Lines containing the word "livre" are the ones to copy from the records below.

(Crawled caption data)
===============

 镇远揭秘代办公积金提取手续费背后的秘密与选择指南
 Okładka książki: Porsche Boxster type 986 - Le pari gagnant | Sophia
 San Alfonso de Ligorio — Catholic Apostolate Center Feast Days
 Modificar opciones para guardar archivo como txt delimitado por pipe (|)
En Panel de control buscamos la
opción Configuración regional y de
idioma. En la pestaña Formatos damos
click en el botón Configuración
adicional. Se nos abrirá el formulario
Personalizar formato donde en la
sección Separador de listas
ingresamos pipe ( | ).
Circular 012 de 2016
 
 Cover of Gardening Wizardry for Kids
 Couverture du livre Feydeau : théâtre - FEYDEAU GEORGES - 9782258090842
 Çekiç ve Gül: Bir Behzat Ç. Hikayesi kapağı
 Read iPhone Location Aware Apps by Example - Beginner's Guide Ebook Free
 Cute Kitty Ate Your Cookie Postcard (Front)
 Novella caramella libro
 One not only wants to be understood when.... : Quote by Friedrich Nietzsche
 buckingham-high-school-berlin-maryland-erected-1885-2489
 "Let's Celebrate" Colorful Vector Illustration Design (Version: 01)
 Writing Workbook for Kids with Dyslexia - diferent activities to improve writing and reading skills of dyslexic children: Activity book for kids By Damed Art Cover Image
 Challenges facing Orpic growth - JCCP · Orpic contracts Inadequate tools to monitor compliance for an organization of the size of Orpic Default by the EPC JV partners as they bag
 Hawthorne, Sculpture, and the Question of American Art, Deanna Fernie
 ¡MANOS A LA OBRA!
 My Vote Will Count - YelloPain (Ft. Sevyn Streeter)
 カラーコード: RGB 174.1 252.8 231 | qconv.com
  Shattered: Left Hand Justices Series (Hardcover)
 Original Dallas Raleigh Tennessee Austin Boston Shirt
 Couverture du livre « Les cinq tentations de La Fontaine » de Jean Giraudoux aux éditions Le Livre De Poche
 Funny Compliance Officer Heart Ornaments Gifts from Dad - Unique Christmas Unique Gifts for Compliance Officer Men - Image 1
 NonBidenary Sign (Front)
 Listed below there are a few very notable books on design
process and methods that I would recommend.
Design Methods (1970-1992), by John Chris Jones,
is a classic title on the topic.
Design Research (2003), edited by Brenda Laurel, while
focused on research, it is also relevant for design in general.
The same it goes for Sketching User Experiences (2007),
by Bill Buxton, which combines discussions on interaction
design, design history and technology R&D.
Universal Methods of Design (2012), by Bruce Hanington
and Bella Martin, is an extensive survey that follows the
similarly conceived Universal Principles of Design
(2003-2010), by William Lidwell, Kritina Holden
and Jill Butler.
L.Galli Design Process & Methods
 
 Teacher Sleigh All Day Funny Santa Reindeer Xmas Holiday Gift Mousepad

===============

[YOUR SOLUTION]
 Couverture du livre Feydeau : théâtre - FEYDEAU GEORGES - 9782258090842
 Couverture du livre « Les cinq tentations de La Fontaine » de Jean Giraudoux aux éditions Le Livre De Poche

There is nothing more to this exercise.